CU Denver Provost Discusses Multilingualism, Diversity
Before Constancio Nakuma, PhD, became CU Denver’s provost and executive vice chancellor for academic and student affairs, he traveled far and wide to fulfill his educational goals. With university degrees from three different continents, he has experienced diverse languages, cultures, and landscapes.
Nakuma holds degrees from the University of Ghana-Legon (bachelor’s in French and Spanish), Université Paris X-Nanterre (master’s in linguistics), Saint Mary’s University in Halifax (MBA), and Sorbonne Nouvelle in Paris (doctorate in linguistics).

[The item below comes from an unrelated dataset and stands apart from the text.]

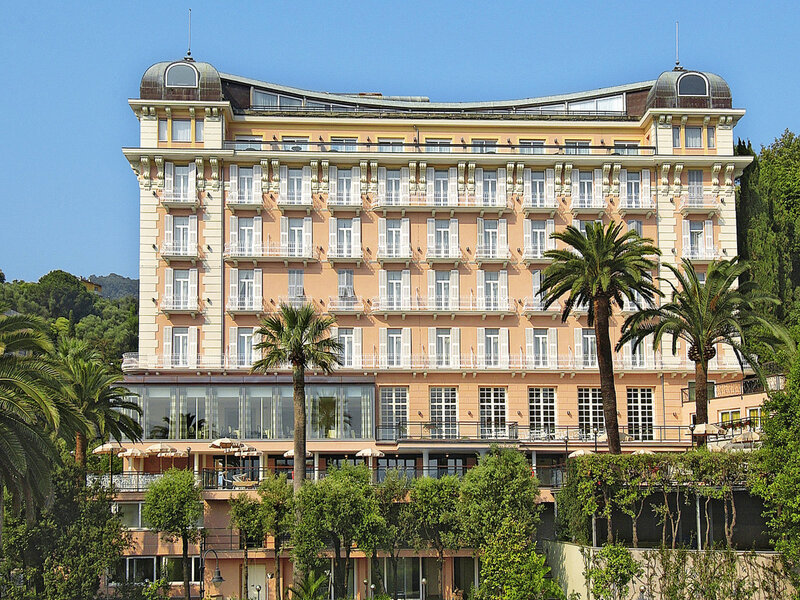 Die einmalige Lage des Hotels an einem der charmantesten Abschnitte des Golfs gegenüber von Portofino ermöglicht es den Gästen, die Gelassenheit, Ruhe und entspannende Atmosphäre aufzusaugen. Der Verkehr im Stadtzentrum und das bunte Treiben der Passanten am Nachmittag sind nur ca. 1 km entfernt und zu Fuß über eine hübsche Straße erreichbar, die am Meer entlang führt. Grand Hotel Bristol Resort Spa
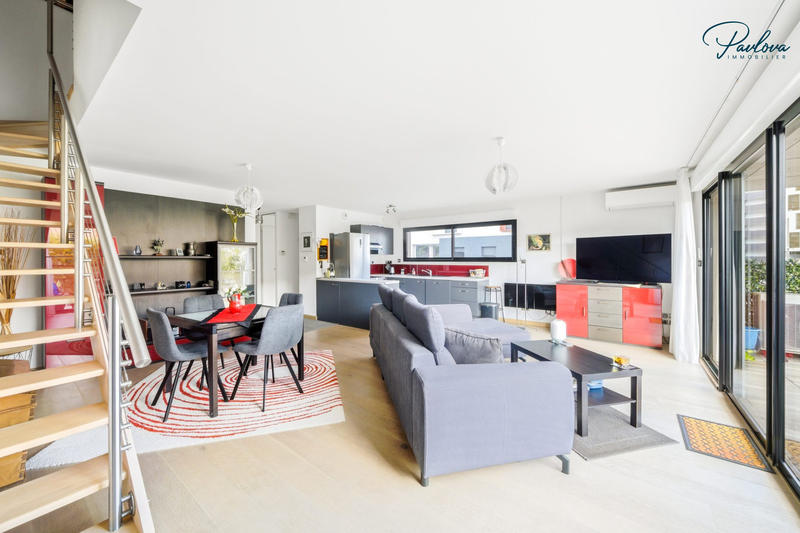 Appartement - 108 m² - 4 pièces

Why Study Languages and Linguistics?
The answer goes back to Nakuma’s childhood. “The interesting thing about Ghana, a very small country the size of Oregon, is that we have 42 official languages,” he said. “To go to secondary school, I had to leave my little village and go to a different town in the south, where I was in a totally different language area. I needed to learn four languages in order to survive.”
Elementary school was in English. “You had to speak and write English quite well in order to go through the educational system,” Nakuma said. In high school, he also took six years of Latin. Later, his university professors spoke in French. Basically, none of Nakuma’s education was in his native language. He became fluent in multiple languages out of necessity, but he does truly love language. “Once you have French and Latin,” he said, “you pick up Spanish effortlessly.”
How Language Reflects Culture
Nakuma loved language so much he decided to study linguistics, which is the scientific study of language. Linguistics includes everything from sentence structure to how sounds are produced. “My interest is in sound patterns,” Nakuma said. “When you know how sounds are produced, you can position your body to produce the accurate sound. Once you describe it to people, all of a sudden it becomes an easier sound to produce.”
Nakuma gets excited when he talks about linguistics, a field he finds “fascinating.” He likes to share examples of language differences, especially with students: “I am hungry [in English] becomes I have hunger [in Spanish and French].” Why is that? It’s because languages reflect how people think. “When you study a language, you have reached out in the deepest way to another culture,” he said. “It’s an opportunity to get into someone else’s mindset, the thing that matters most to them, which is their language.”
Around the World and Back
In pursuit of his education, Nakuma has traveled from Ghana to France and France to Canada (Nova Scotia to be precise). Then he moved to the United States, where he taught at Clemson University in South Carolina and the University of Tennessee in Knoxville. Most recently, he moved from the U.S. South to the American West—areas that have very different ways of speaking, albeit the same language.
Throughout all of his travels, Nakuma has listened to people speak and paid attention to how their languages reflect their worldviews. “My world travels and my encountering the different ways in which different cultures around the world represent their worlds to themselves and to others has made me a less judgmental person, because those differences do not convey any cross-cultural hierarchy of values. They are simply different ways of being and perceiving,” he said.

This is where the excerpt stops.